The Pro mode enables you to manually adjust exposure settings. You can also save stills in RAW format, while a promised future app update will add the ability to save videos in D-Cinelike format. Both are ideal for post processing when you want to bring out extra detail.
With the DJI Mimo app, you have editing tools and templates at hand to easily manipulate your footage. There’s also a Story mode that automatically splices together video you’ve shot through the day and adds its own clever transition effects.
When it comes to battery life, DJI claims you have around two hours of use when recording 4K video at 60fps – lower resolutions might give you more than this. A full recharge takes about an hour. As the battery can’t be removed, this means you’d need to consider a separate charger if you’re on the move and need it for a day’s worth of shooting.
Increasing its potential
The Osmo Pocket comes with smartphone adapters so you can connect it to any mobile with a USB-C or Lightning connector. A range of accessories enables you to expand its potential still further. A wireless module adds Bluetooth and wi-fi connectivity so you no longer need to have DJI Osmo plugged directly into your phone (ideal for time lapse video), while the accessory mount kit enables you to make your Osmo Pocket compatible with other action camera accessories. There’s even an ND filter set on the way, giving you greater control over exposure times and the amount of light hitting the camera’s sensor.
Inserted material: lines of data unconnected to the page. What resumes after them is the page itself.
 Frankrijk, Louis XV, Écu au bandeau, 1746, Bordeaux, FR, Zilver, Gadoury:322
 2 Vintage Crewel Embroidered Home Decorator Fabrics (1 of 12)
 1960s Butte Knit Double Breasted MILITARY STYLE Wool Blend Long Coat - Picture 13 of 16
The Osmo Pocket packs a big punch. With so much gimbal tech squeezed into its tiny profile (just 121.9mm x 28.6mm x 36.9mm) it’s like a tiny DJI Osmo Mobile 2, except it comes with its own camera so it doesn’t have to be attached to your mobile – your phone merely acts as a bigger viewfinder. If you don’t want to use it, there’s a 1in touchscreen on the rear so you can frame your shots that way.
As GoPro’s new Hero 7 also comes with image stabilisation, it inevitably invites comparison with the DJI Osmo Pocket. The Osmo is a true gimbal offering image stabilisation that doesn’t require cropping your shots to achieve it. In tests, the quality and sharpness of the footage you get from the Osmo Pocket is superior to the Hero. However, although it’s very well built, the Osmo Pocket is unlikely to be as durable as the GoPro, and certainly won’t be going underwater just yet (although DJI is promising an underwater housing in the future).
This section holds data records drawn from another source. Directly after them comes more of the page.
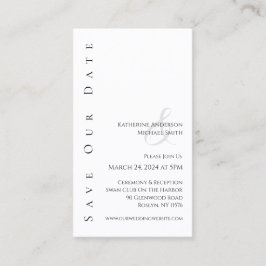 Tarjeta De Visita Negro simple y moderno y blanco - Salven la fecha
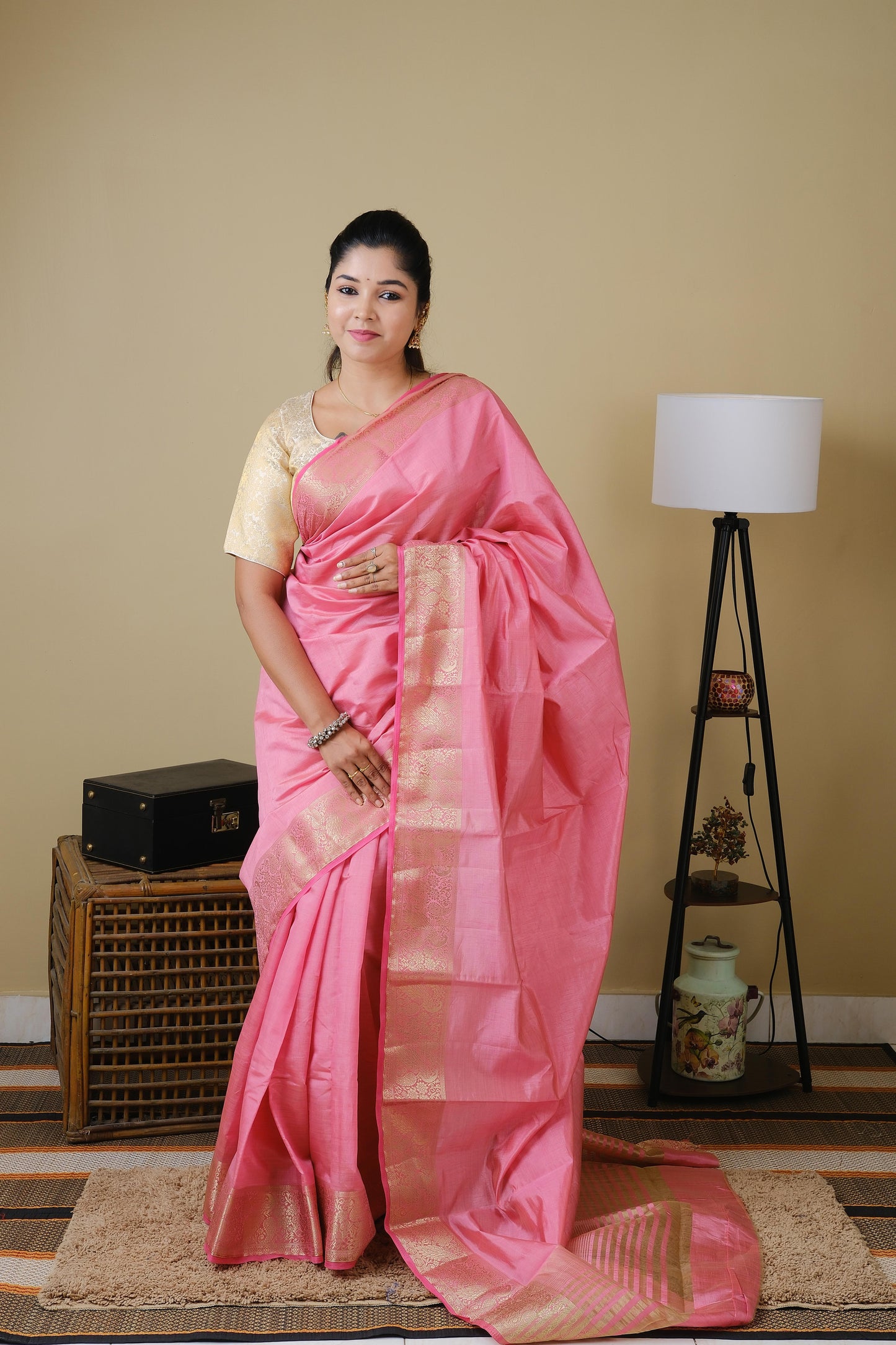 Semi soft silk in light pink with double zari border and striped pallu - AVANTHIKA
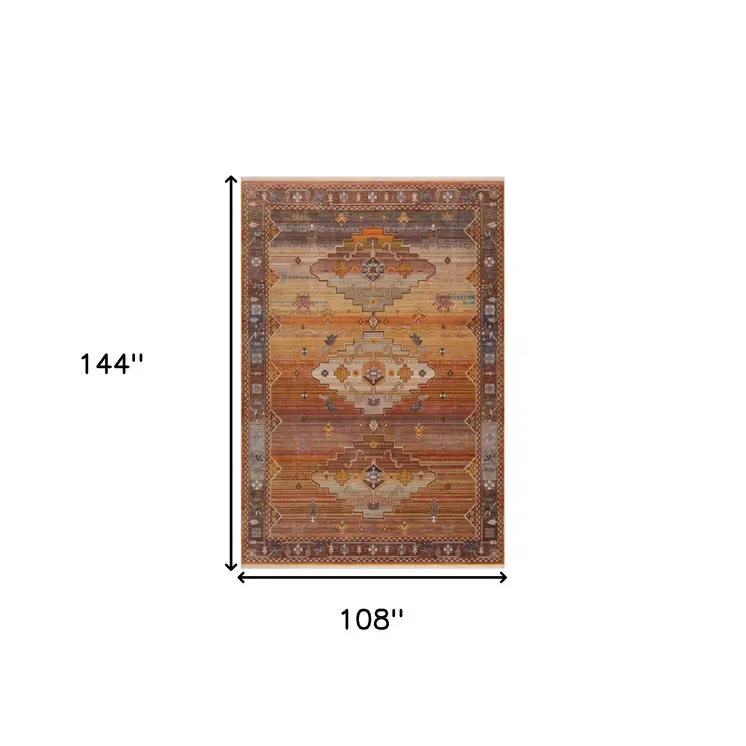 9' X 12' Brown Southwestern Area Rug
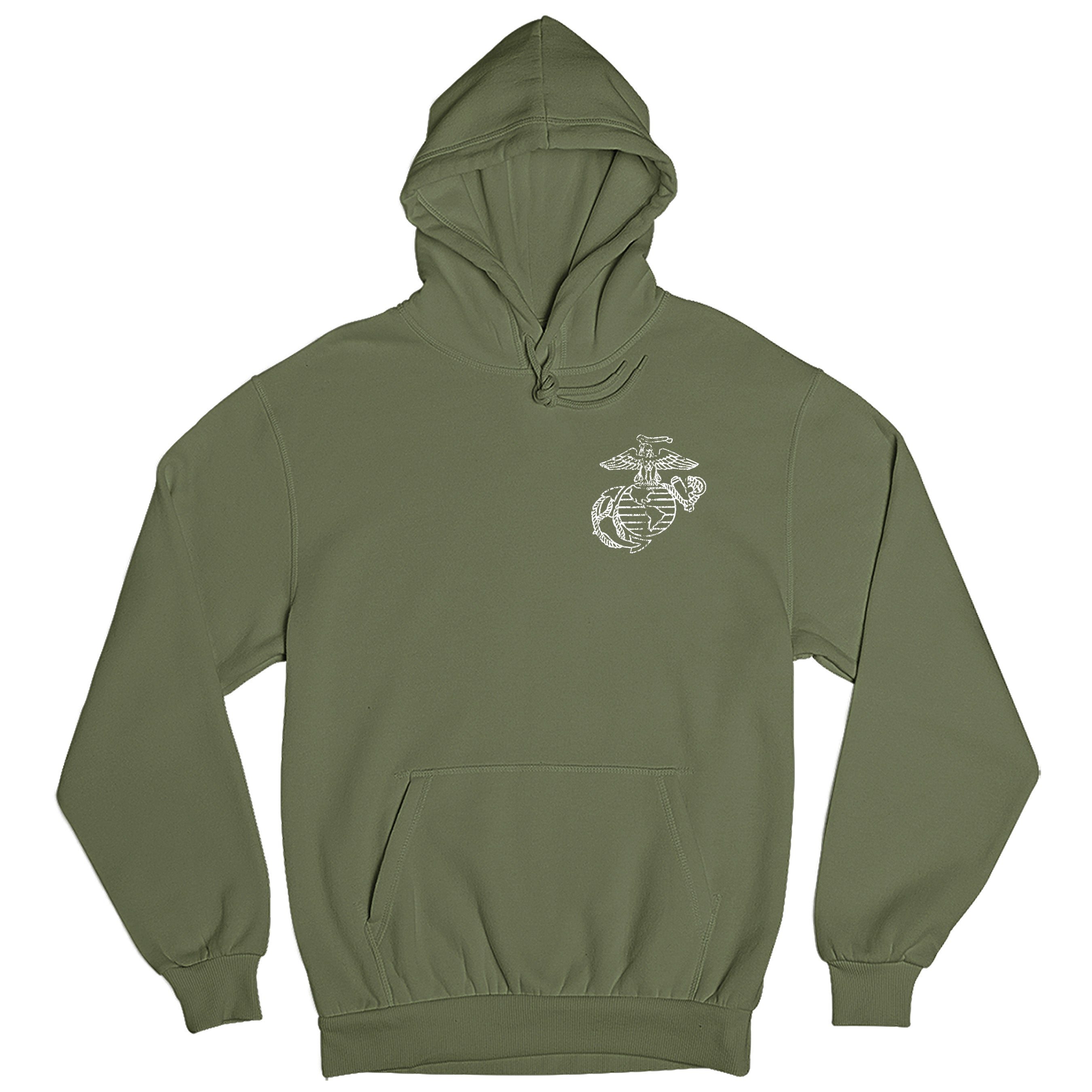 Green USMC hoodie with front-left chest Eagle, Globe, and Anchor emblem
As a tool for vloggers, the DJI Osmo Pocket is the perfect phone gimbal and couldn’t be better suited to the job. It’s undoubtedly the easiest way to record stabilised 4K video. But even if you’re just shooting stills, it opens up a ton of new creative possibilities. And with DJI’s track record in creating class-leading gimbals and miniature camera technology, you know you’re in safe hands.